3 boneless, skinless chicken thighs, cubed
¼ tsp black pepper + a few shakes
4 tbsp unsalted butter, divided
2 tbsp olive oil
2 large celery ribs, diced
2 large carrots, peeled and diced
1 red bell pepper, seeded and diced
1 orange bell pepper, seeded and diced
1 large yellow onion, diced
3 large potatoes, peeled and diced
1 tbsp flour
¼ tsp cayenne pepper
¼ tsp garlic powder
4 cups unsalted chicken broth
½ dry white wine
fresh parsley for topping
Heat 1 tablespoon butter and 1 teaspoon olive oil in a large Dutch oven over medium heat.
Add the chicken and season with a few shakes of black pepper. Brown on all sides, then remove the chicken and set aside.

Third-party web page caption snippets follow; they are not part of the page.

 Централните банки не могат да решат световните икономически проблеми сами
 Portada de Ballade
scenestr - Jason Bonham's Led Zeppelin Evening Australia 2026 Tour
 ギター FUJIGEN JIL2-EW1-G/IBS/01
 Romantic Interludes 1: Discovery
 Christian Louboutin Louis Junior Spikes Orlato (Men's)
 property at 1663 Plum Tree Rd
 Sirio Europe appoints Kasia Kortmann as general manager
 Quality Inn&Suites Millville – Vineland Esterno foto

In the same pot, add 2 tablespoons butter and 1 teaspoon olive oil. Add the onions, carrots, celery, bell peppers, and potatoes. Cook over medium heat, stirring occasionally, until the vegetables begin to soften.

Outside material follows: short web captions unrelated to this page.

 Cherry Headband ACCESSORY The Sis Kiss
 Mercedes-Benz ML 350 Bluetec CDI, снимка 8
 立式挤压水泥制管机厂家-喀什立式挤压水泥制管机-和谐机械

Sprinkle the vegetables with 3 tbsp flour, black pepper, garlic powder, and cayenne pepper. Stir well to coat the vegetables evenly.
Add the wine and chicken broth and bring to a boil. Reduce heat to a simmer.

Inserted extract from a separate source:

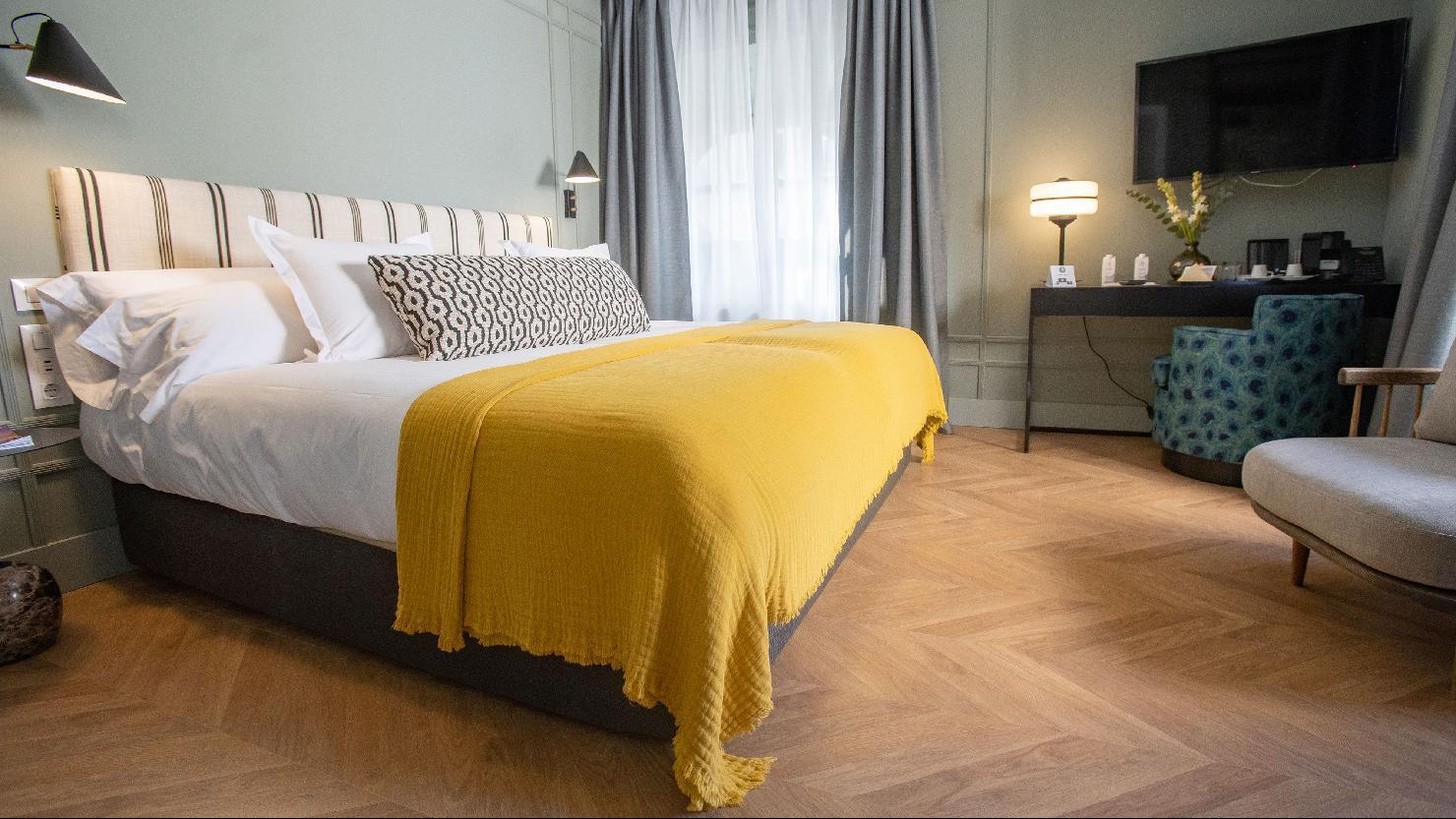 Foto - Soho Boutique Colón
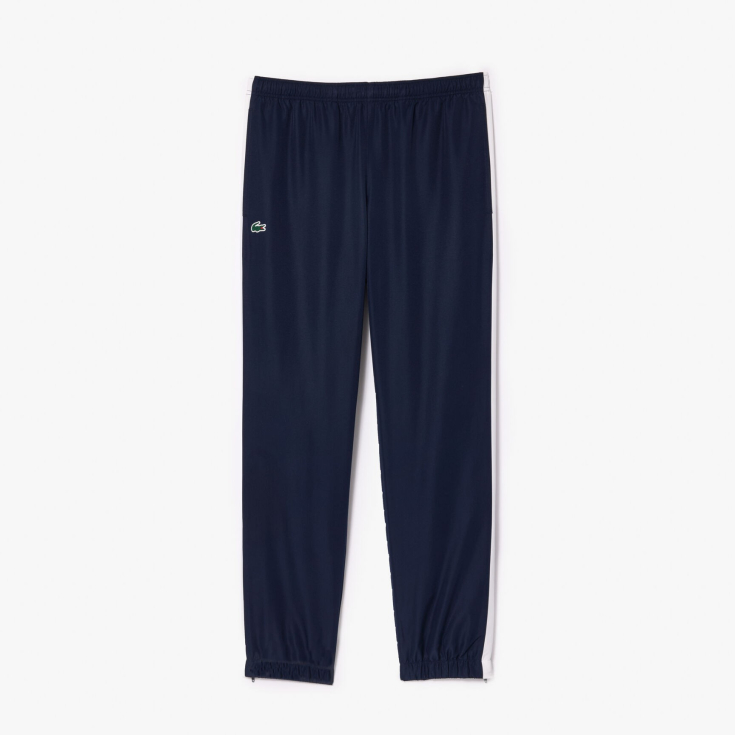 Мужской спортивный костюм Lacoste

Return the chicken to the pot and cook until the chicken is fully cooked and reaches a safe internal temperature.
Melt 1 tablespoons butter in the microwave and stir in 1 tablespoons flour to make a smooth paste. Stir this into the stew and simmer until thickened.
While the stew simmers prepare the biscuits. (See recipe)
Place prepared biscuits on top of the stew, cover, and simmer for 10 minutes until biscuits are cooked through.
Serve hot, garnish with parsley and enjoy.